Data Context Reference

A DataContexts manages assets for a project.

Configuration

The DataContext configuration file (great_expectations.yml) provides fine-grained control over several core features available to the DataContext to assist in managing resources used by Great Expectations. Key configuration areas include specifying Datasources, Data Docs, Validation Operators, and Stores used to manage access to resources such as expectation suites, validation results, profiling results, evaluation parameters and plugins.

This file is intended to be committed to your repo.

Datasources

Datasources tell Great Expectations where your data lives and how to get it.

Using the CLI command great_expectations add-datasource is the easiest way to add a new datasource.
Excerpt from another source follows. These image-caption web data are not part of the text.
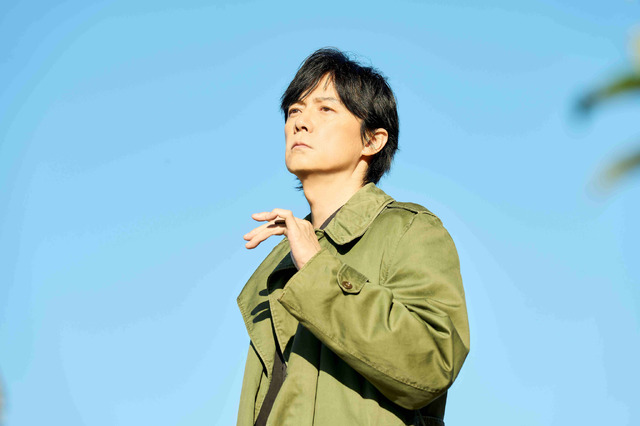 『ブラック・ショーマン』©2025「ブラック・ショーマン」製作委員会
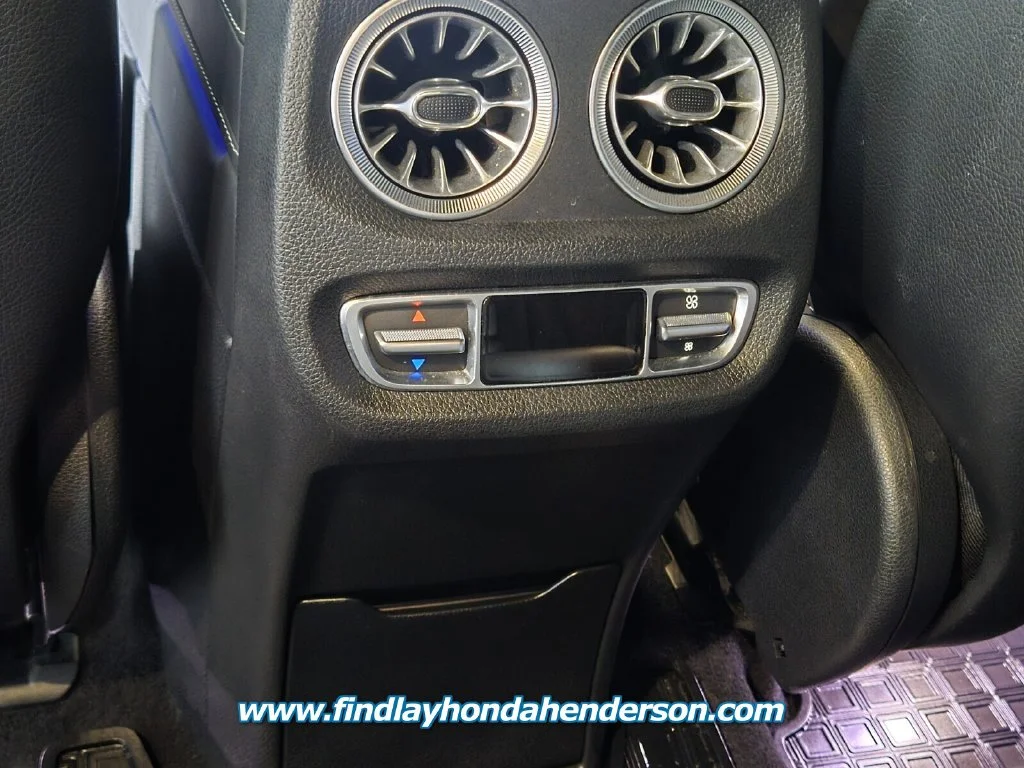 Used 2021 designo Night Black Magno Mercedes-Benz G 550 image 18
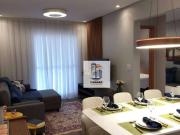 Apartamento para Venda em Santo André/SP Campestre 2 Quartos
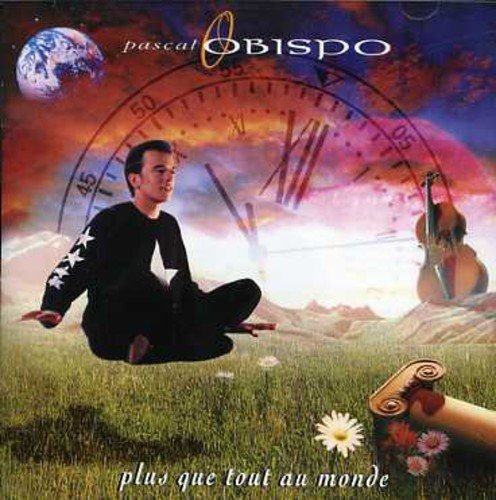 Pascal Obispo - La Meme Langue Lyrics - Zortam Music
The datasources section declares which Datasources objects should be available in the DataContext. Each datasource definition should include the class_name of the datasource, generators, and any other relevant configuration information. For example, the following simple configuration supports a Pandas-based pipeline:

datasources:
  pipeline:
    class_name: PandasDatasource
    generators:
      default:
        class_name: InMemoryGenerator

The following configuration demonstrates a more complicated configuration for reading assets from s3 into pandas. It will access the amazon public NYC taxi data and provides access to two assets: ‘taxi-green’ and ‘taxi-fhv’ which represent two public datasets available from the resource.

datasources:
  nyc_taxi:
    class_name: PandasDatasource
    generators:
      s3:
        class_name: S3Generator
        bucket: nyc-tlc
        delimiter: '/'
        reader_options:
          sep: ','
          engine: python
        assets:
          taxi-green:
            prefix: trip data/
            regex_filter: 'trip data/green.*\.csv'
          taxi-fhv:
            prefix: trip data/
            regex_filter: 'trip data/fhv.*\.csv'
    data_asset_type:
      class_name: PandasDataset

Here is an example for a SQL based pipeline:

datasources:
  edw:
    class_name: SqlAlchemyDatasource
    credentials: ${data_warehouse}
    data_asset_type:
      class_name: SqlAlchemyDataset
    generators:
      default:
        class_name: TableGenerator

Note the credentials key references a corresponding key in the config_variables.yml file which is not in source control that would look like this:

data_warehouse:
  drivername: postgres
  host: warehouse.ourcompany.biz
  port: '5432'
  username: bob
  password: 1234
  database: prod

Note that the datasources section includes all defined generators as well as specifying their names. See Using custom expectations with a Datasource for more information about configuring datasources to use custom expectations.

Data Asset Names

Data asset names consist of three parts, a datasource, generator, and generator asset. DataContext functions will attempt to “normalize” a data_asset_name if they are provided with only a string, by splitting on the delimiter character (by default ‘/’) and then attempting to identify an unambiguous name. DataContext searches through names that already have expectation suites first, then considers names provided by generators.

For example:

# Returns a normalized name with string representation my_datasource/my_generator/my_asset if
# my_datasource and my_generator uniquely provide an asset called my_asset
context.normalize_data_asset_name("my_asset")

Data Docs

The Data Docs section defines how individual sites should be built and deployed. See the detailed documentation for more information.

Stores

A DataContext requires three stores to function properly: an expectations_store, validations_store, and evaluation_parameter_store. Consequently a minimal store configuration for a DataContext would include the following:

expectations_store_name: expectations_store
validations_store_name: validations_store
evaluation_parameter_store_name: evaluation_parameter_store

stores:
  expectations_store:
    class_name: ExpectationsStore
    store_backend:
      class_name: FixedLengthTupleFilesystemStoreBackend
      base_directory: expectations/
  validations_store:
    class_name: ValidationsStore
    store_backend:
      class_name: FixedLengthTupleFilesystemStoreBackend
      base_directory: uncommitted/validations/
  evaluation_parameter_store:
    class_name: InMemoryEvaluationParameterStore

The expectations_store provides access to expectations_suite objects, using the DataContext’s namespace; the validations_store does the same for validations. See Evaluation Parameters for more information on the evaluation parameters store.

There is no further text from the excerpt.